Early-season bumps doing little to stop Yanks
Unlikely sources providing fuel for winning ways following injuries, slumps
There was a time a couple of weeks ago when the New York Yankees seemed to be coming undone amid a flurry of injuries and slumps.
Only they haven't.
The Yankees are hanging in there, riding a lineup in which third baseman Yangervis Solarte has been their most consistent offensive player and David Phelps, Vidal Nuno and Chase Whitley have done decent work in the rotation.
Bullpen? Nothing to worry about there. Dellin Betances, Adam Warren, Preston Claiborne and others have done a good job getting the ball to closer David Robertson.
All in all, there's no reason to think the Yanks won't be right back fighting for a playoff spot in September. At 27-23, they're on a pace to win 88 games. In the American League East, they're just two games behind the Blue Jays, the hottest team in baseball.
To have done this the way the Yankees have done it is remarkable. They've used 38 players, including 21 pitchers. Three of their projected five starters -- CC Sabathia, Michael Pineda and Ivan Nova -- are on the disabled list.
Meanwhile, some of their big-ticket signings are off to slow starts. Brian McCann is hitting .216 and Carlos Beltran is on the DL. Furthermore, Mark Teixeira has missed 15 of the first 50 games.
Organizations reveal themselves in all sorts of way during a six-month season in which every strength and weakness is revealed. The Yankees are always going to be evaluated differently because of their deep pockets..
They make no apology for their resources, because they see that part of the deal as George Steinbrenner's legacy. The Boss would spend whatever needed to be spent to give the Yanks a championship club. The Boss expected results.
Four years after his death, Steinbrenner would be proud of how these Yankees react to adversity. That is, they do not blink. They do not complain. Most important of all, their expectations never change.

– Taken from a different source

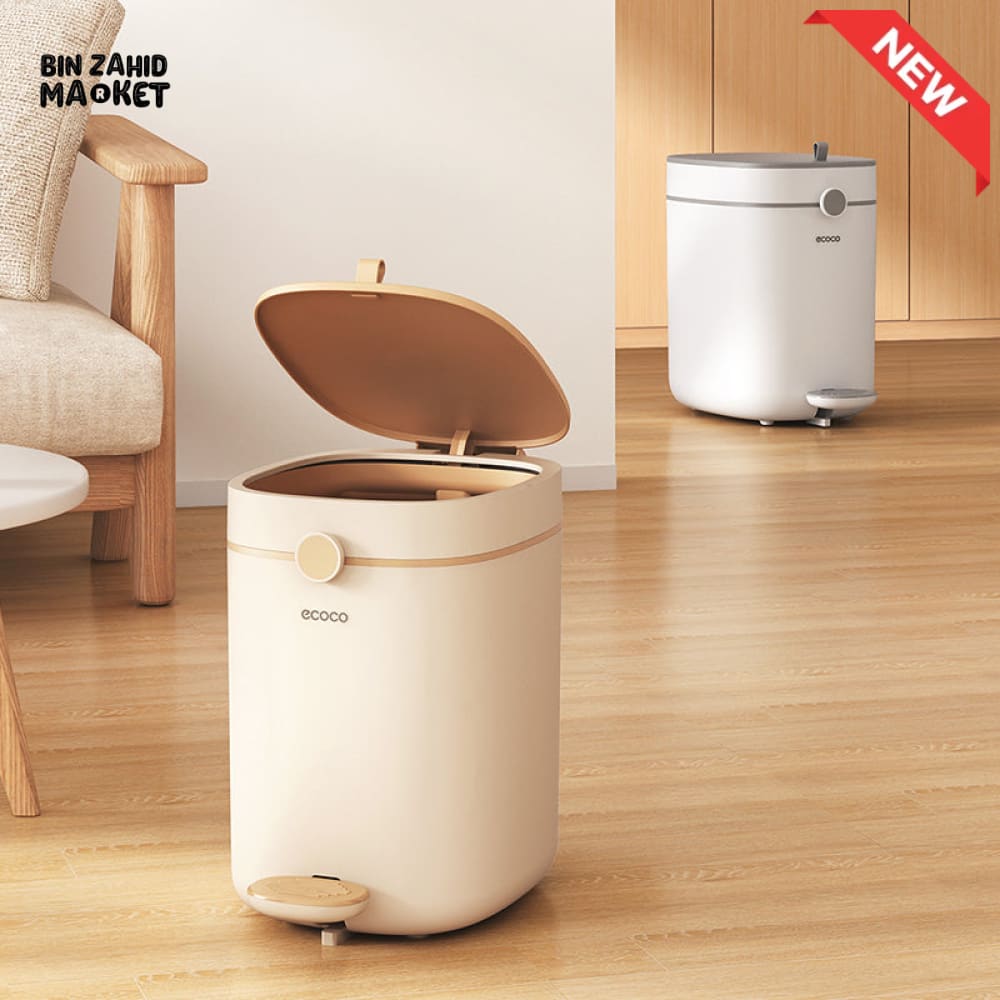 ECOCO HANDS-FREE FOOT PEDAL TRASH CAN 12 LITRE – COMPACT WASTE SOLUTION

"We just have to find a way," manager Joe Girardi will tell you.
"No excuses," general manager Brian Cashman will say.
But Steinbrenner also understood that winning was about more than simply spending the most money. One of the things good organizations do is work relentlessly to build organizational depth. That depth is supposed to begin with the First-Year Player Draft and the international amateur free-agent market.
But the best organizations explore every avenue to find players. They value every roster spot. As you know, the Yanks spent around $500 million last offseason to shore up their roster.
It was the kind of spending spree the Yankees had hoped to never be forced into again. But they were prompted to spend because a player development system they were so confident about two years ago has not produced a steady stream of talent at the big league level.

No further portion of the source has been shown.